Systematic Optimization of Acid Hydrolysis Parameters for Diosgenin Extraction Coupled with UHPLC-DAD Analysis

Diosgenin (DG) is a steroidal sapogenin of considerable industrial and pharmaceutical importance, commonly present in fenugreek seeds in glycosidically bound forms that require hydrolysis for efficient quantification. Despite numerous extraction approaches reported in the literature, systematic optimization of acid hydrolysis parameters under green and analytically reproducible conditions remain limited. In this study, a stepwise optimization strategy was developed to maximize diosgenin yield from fenugreek seeds using sustainable solvents and controlled hydrolytic conditions, coupled with a rapid UHPLC-DAD analytical method. A reflux condenser was used for extraction of DG whereas UHPLC-DAD was used for the identification and quantification of DG in the fenugreek samples.

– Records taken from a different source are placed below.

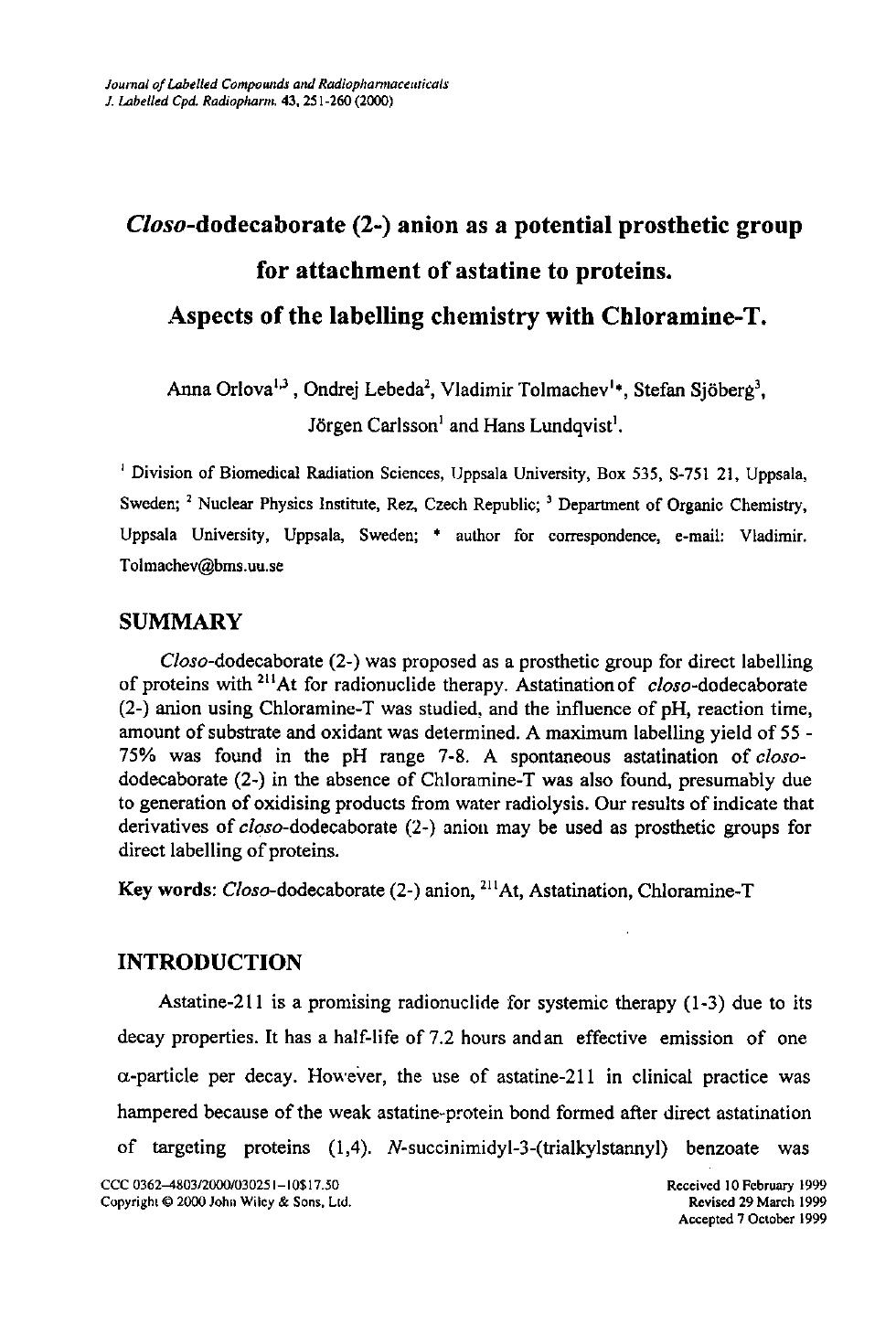Closo-dodecaborate (2-) anion as a potential prosthetic group for attachment of astatine to proteins. Aspects of the labelling chemistry with chloramine-T by Unknown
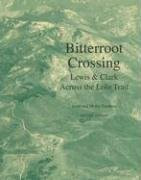 BITTERROOT CROSSING: LEWIS AND CLARK ACROSS THE LOLO TRAIL By Gene Eastman VG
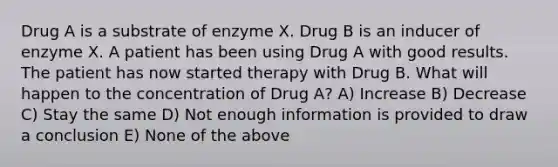 Drug A is a substrate of enzyme X. Drug B is an inducer of enzyme X. A patient has been using Drug A with good results. The patient has now started therapy with Drug B. What will happen to the concentration of Drug A? A) Increase B) Decrease C) Stay the same D) Not enough information is provided to draw a conclusion E) None of the above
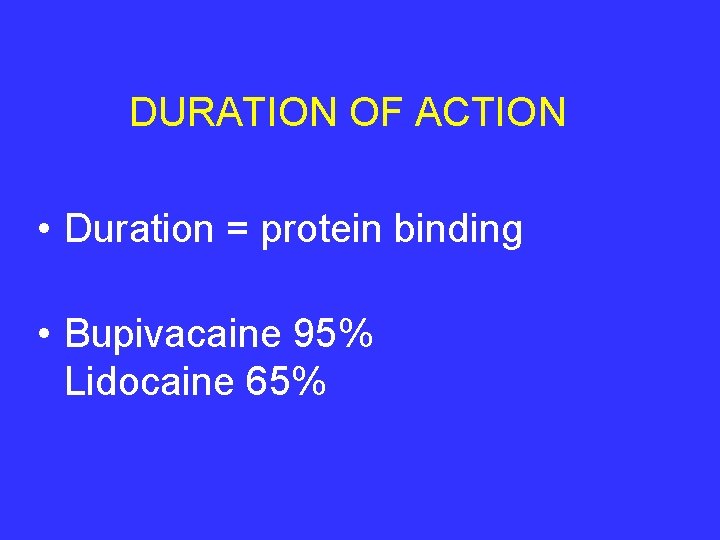 DURATION OF ACTION • Duration = protein binding • Bupivacaine 95% Lidocaine 65% 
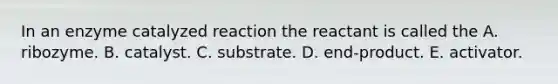 In an enzyme catalyzed reaction the reactant is called the A. ribozyme. B. catalyst. C. substrate. D. end-product. E. activator.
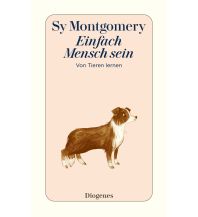 Naturführer Einfach Mensch sein Diogenes Verlag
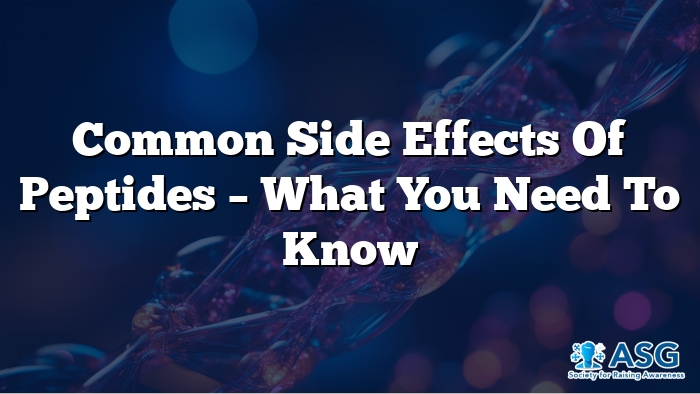 Common Side Effects of Peptides – What You Need to Know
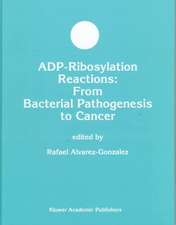 ADP-Ribosylation Reactions: From Bacterial Pathogenesis to Cancer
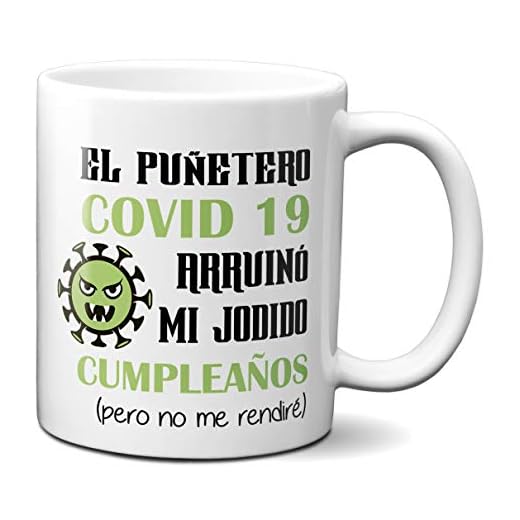 Planetacase Taza El Puñetero Covid 19 Arruinó Mi Jodido Cumpleaños - Taza Coronavirus Frases Graciosas Divertidas Ceramica 330 mL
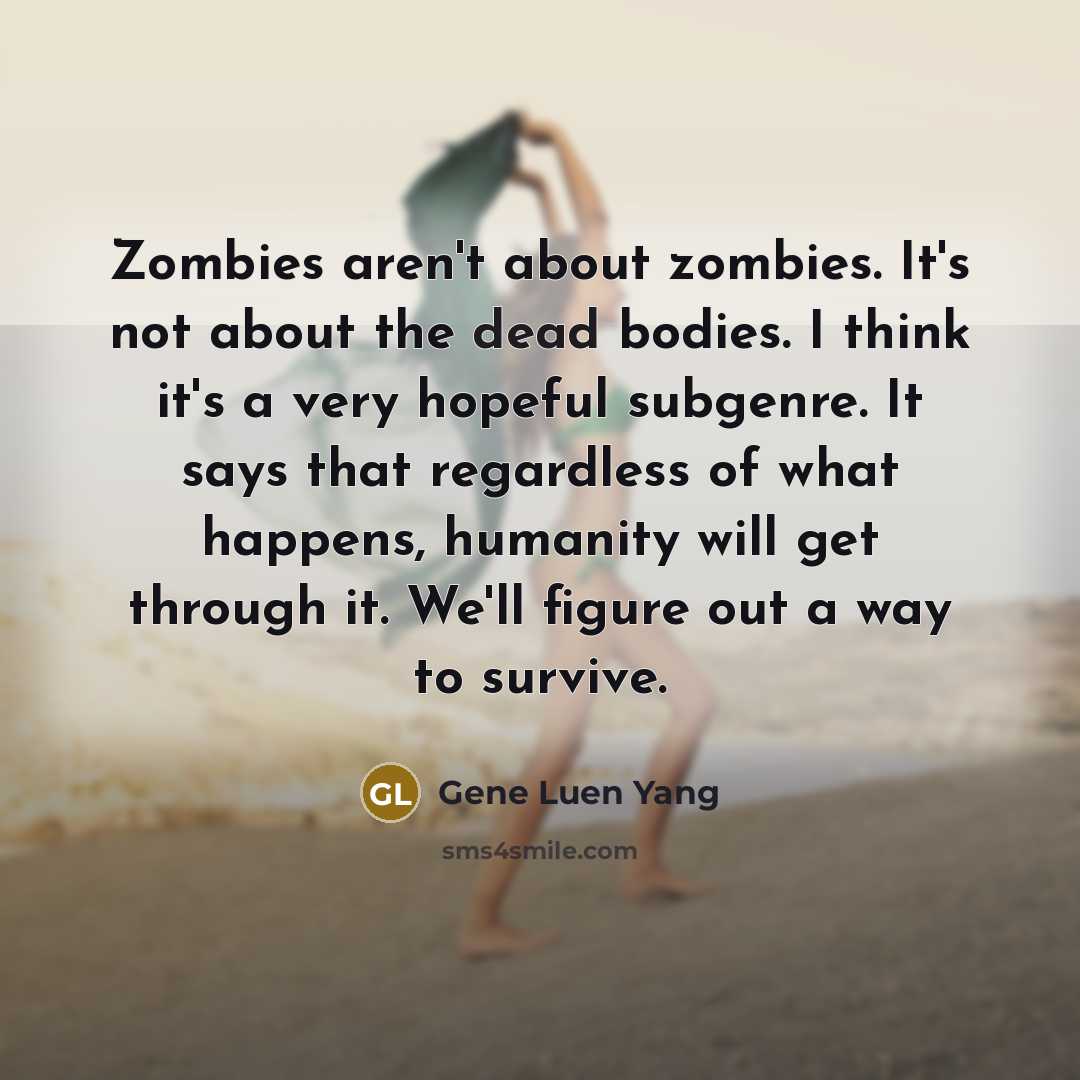“Zombies aren't about zombies. It's not about the dead bodies.…” quote by Gene Luen Yang
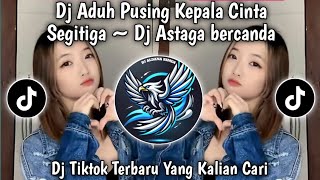 DJ ASTAGA BERCANDA SLOW BASS || OH MY, HEADACHE OVER THIS LOVE TRIANGLE VIRAL TIKTOK 2026 LATEST ...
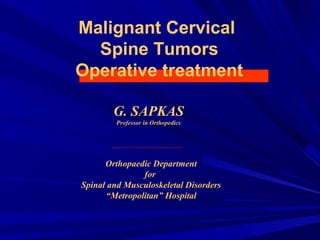 Malignant Cervical 
Spine Tumors 
Operative treatment 
G. SAPKAS 
Professor in Orthopedics 
Orthopaedic Department 
for 
Spinal and Musculoskeletal Disorders 
“Metropolitan” Hospital 
 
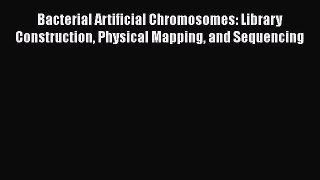 Bacterial Artificial Chromosomes: Library Construction Physical Mapping and Sequencing  Free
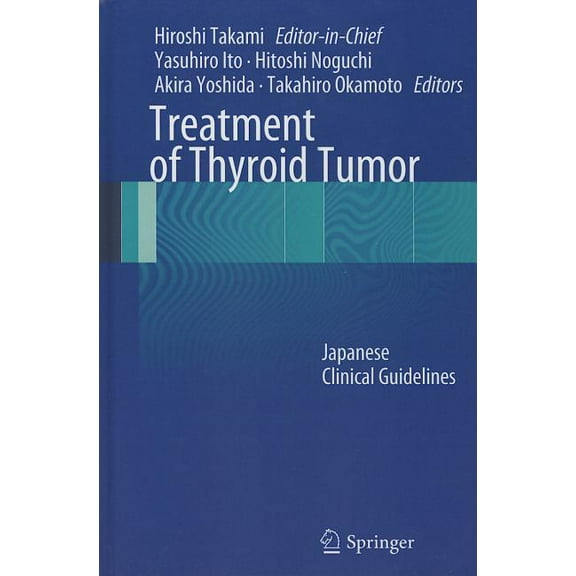 Treatment of Thyroid Tumor: Japanese Clinical Guidelines, (Hardcover)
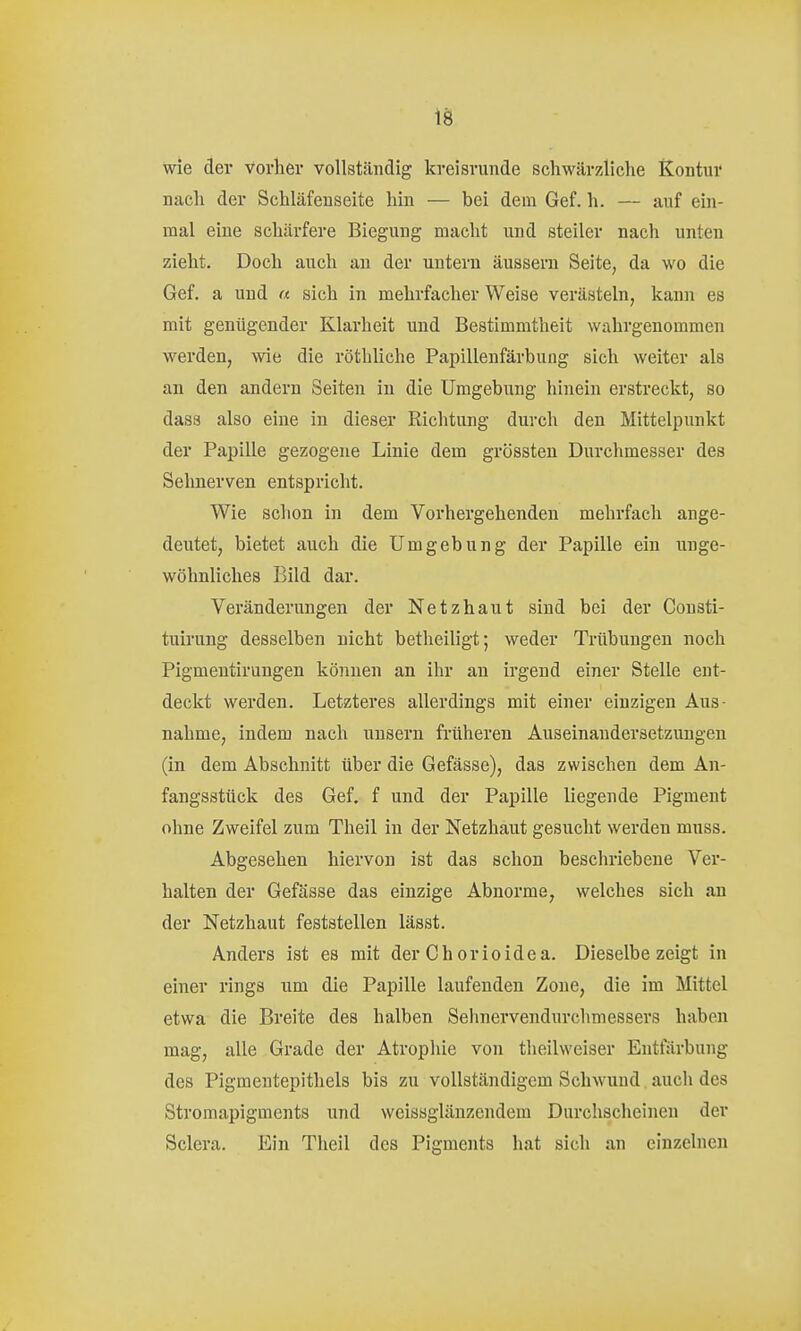 wie der vorher vollständig kreisrunde schwärzliche ß^ontuv nach der Schläfeuseite hin — bei dem Gef. h. — auf ein- mal eine schärfere Biegung macht und steiler nach unten zieht. Doch auch au der untern äussern Seite, da wo die Gef. a und « sich in mehrfacher Weise verästeln, kann es mit genügender Klarheit und Bestimmtheit wahrgenommen werden, wie die röthliche Papillenfärbung sich weiter als an den andern Seiten in die Umgebung hinein erstreckt, so das3 also eine in dieser Richtung durch den Mittelpunkt der Papille gezogene Linie dem grössten Durchmesser des Sehnerven entspricht. Wie schon in dem Vorhergehenden mehrfach ange- deutet, bietet auch die Umgebung der Papille ein unge- wöhnliches Bild dar. Veränderungen der Netzhaut sind bei der Consti- tuirung desselben nicht betheiligt; weder Trübungen noch Pigmentirungen können an ihr an irgend einer Stelle ent- deckt werden. Letzteres allerdings mit einer einzigen Aus- nahme, indem nach uusern früheren Auseinandersetzungen (in dem Abschnitt über die Gefässe), das zwischen dem An- fangsstück des Gef. f und der Papille liegende Pigment ohne Zweifel zum Theil in der Netzhaut gesucht werden muss. Abgesehen hiervon ist das schon beschriebene Ver- halten der Gefässe das einzige Abnorme, welches sich an der Netzhaut feststellen lässt. Anders ist es mit derChorioidea. Dieselbezeigt in einer rings um die Papille laufenden Zone, die im Mittel etwa die Breite des halben Sehnervendurchmessers haben mag, alle Grade der Atrophie von theilweiser Entfärbung des Pigmentepithels bis zu vollständigem Schwund auch des Stromapigments und weissglänzendem Durchscheinen der Sclera. Ein Theil des Pigments hat sich an einzelnen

Numerous factors were optimized to maximize the DG yield, including the use of green solvents [ethanol (EtOH), water (H₂O)], different acids [hydrochloric acid (HCl), nitric acid (HNO₃), sulphuric acid (H₂SO₄)], acid strengths [1N (normality), 2N, 3N], extraction times [0.5 h (hour), 1 h], extraction temperatures [80 °C, 100 °C, 120 °C], and sample concentrations [1 mg/mL, 2 mg/mL, 4 mg/mL]. Model-1 exhibited more yield for DG in EtOH whereas H₂SO₄ resulted more DG amount in the extracts as compared to the acids of HNO₃ and HCl. The strength of 1N for H₂SO₄ at a temperature of 120 °C for 0.5 h were the optimized factors resulting in the highest extract yield of 36% with a maximized DG yield of 3.346%, as witnessed in this study. The UHPLC-DAD resulted in a short and effective analytical method with a retention time of 2.58 min. The validation of the method produced an LOD and LOQ of 30.43 ppm and 92.22 ppm with r² value of 0.998 in the linearity range of 5–500 ppm. The samples from Indian (F1), Egypt (F5), and Iran (F10) origins were noticed with more extract and DG yield. The study identified optimal conditions within the tested experimental range for maximizing the DG yield in fenugreek seed samples with quality evaluation of fifteen different origin fenugreek seed samples in terms of DG amount. The developed method may serve as a practical analytical approach for DG quantification under similar laboratory conditions to be employed for the quality variation and standardization of DG-containing food, herbs, dietary supplements, cosmeceuticals, and pharmaceutical products.